El 9 de julio de 2011, Puccio organizó un asado entre amigos en el patio de la pensión. El criminal, que estaba con libertad condicional, controlaba el vacío y las costillas en la parrilla. Pinchó un chorizo y lo mordió como podía. Sólo le quedaban cinco dientes. En ese contexto, comenzó un relato tenebroso del que fue testigo el autor de esta nota:
–Estoy conociendo a una pendejita que está por cumplir 15 años. Por ahí en un rato cae. Empezó a venderme alfajores y una cosa llevó a la otra. No tengo la culpa de esa incitación pecaminosa. Este hijo de puta que está acá y éste otro (señaló a su "colaborador" y a otro amigo), me decían: "Pero entrale, boludo". Yo la veía con ojos de padre. "Si no te la comés vos, se la va a comer otro", me decían estos guachos. La ayudaba por evangélico, no por interés, pero mis amigos me daban manija. Y parece que Satanás me ha pervertido. Si la semana que viene no la volteo, será la otra. Es la teoría de la fruta madura. Qué va a hacer. Muchos me dirán pervertido.

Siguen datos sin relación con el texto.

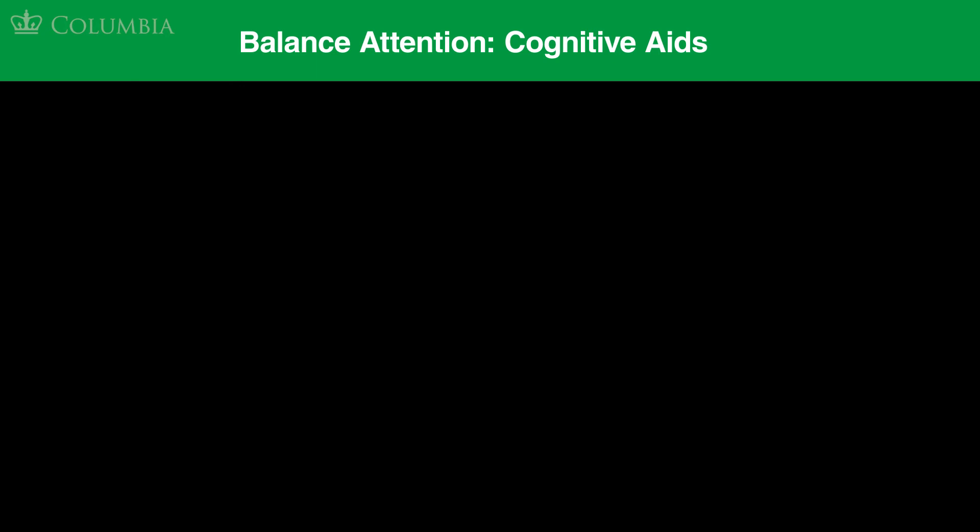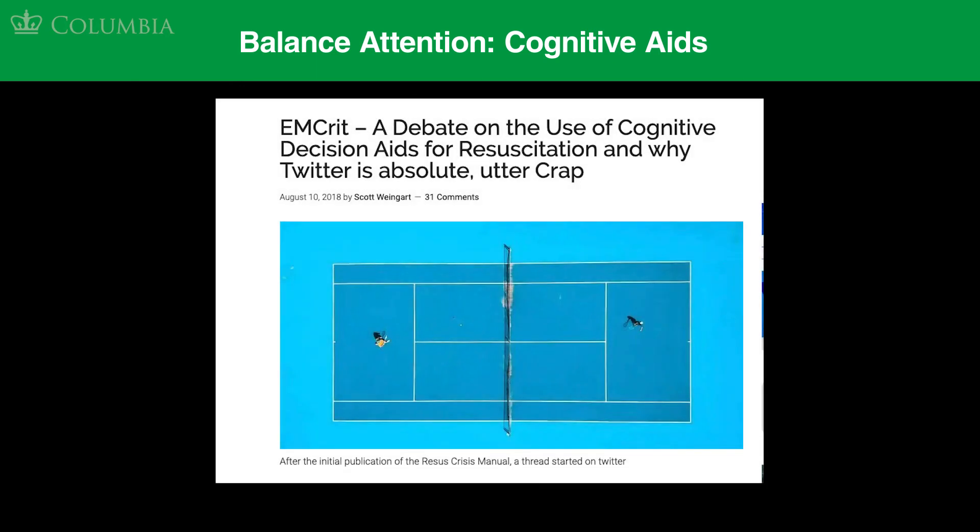Finally, we'd like to hear from you. Do you think that cognitive aids are helpful in a crisis? The use of cognitive aids and checklists can be controversial in medicine. In this activity, we'll also provide a link to a blog that debates the use of cognitive aids during resuscitation.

–O violador y pedófilo -intervine.
–No es así. La edad de consentimiento en la Argentina es de 14 años. ¿Entonces me va a decir que José de San Martín fue un pedófilo porque cuando conoció a Remedios de Escalada ella tenía 13 años? Muchos me acusarán de pervertido pero otros, en cambio, dirán: "Qué viejo hijo de perra, mirá qué pescadito que se ha comido, la pucha que lo parió". La piba es agradable y linda. Un día le dije: "Decime una cosa, mocosa, qué berretín tenés de hacerte la señorita con los ancianos. Te pintás los labios, te marcás las cejas, te pintás las uñas, andás mostrando un poquito los pechos. ¿Te das cuenta del peligro qué corres?". Se reía. Al otro día, vino con uñas postizas plateadas. ¡Ah! Tenía el pelo suelto. Entonces les conté a éstos. "Pero si estaba preciosa, ¿qué carajo estás esperando, viejo?, es una vergüenza lo que estás haciendo", dijeron. Les dije que ellos me estaban incitando. Cuando les digo que todo esto voy a escribirlo en mis memorias, se cagan de risa. Siempre están esperando que les cuente qué pasó con la pendeja. El otro día, la pendeja vino y se puso a llorar. ¿Qué te pasa?, le dije. "Estoy mal, abuelo", me respondió. "A mí no me decís más abuelo", le contesté. Ahora me vas a decir Arqui. Y cuando estemos acá adentro, me vas a tutear. Afuera no. ¿Estamos? El otro día vino como a las nueve de la noche. "¿Qué haces tan tarde?". Le traigo estas rosquitas. Necesitamos la plata porque nos cortaron el gas." Le dije: "No llores, podemos conversar". "Bueno, gracias abuelo". Ya te dije que no soy más tu abuelo. "¿Por qué?". "Porque me gustás mucho, pendeja". Y la agarré y le acaricié la cola. "Qué ganas de apretarte que tenía", le dije. Después le pregunté cuánto era el asunto (en referencia a cuánto le cobraba por tener sexo con ella aprovechando su situación de vulnerabilidad social y económica). "Son 28". Le di 50. Y así quedaron las instancias. Como no tiene ropa fui a la feria a comprarle un saquito. Me salió 15 pesos. Una ganga.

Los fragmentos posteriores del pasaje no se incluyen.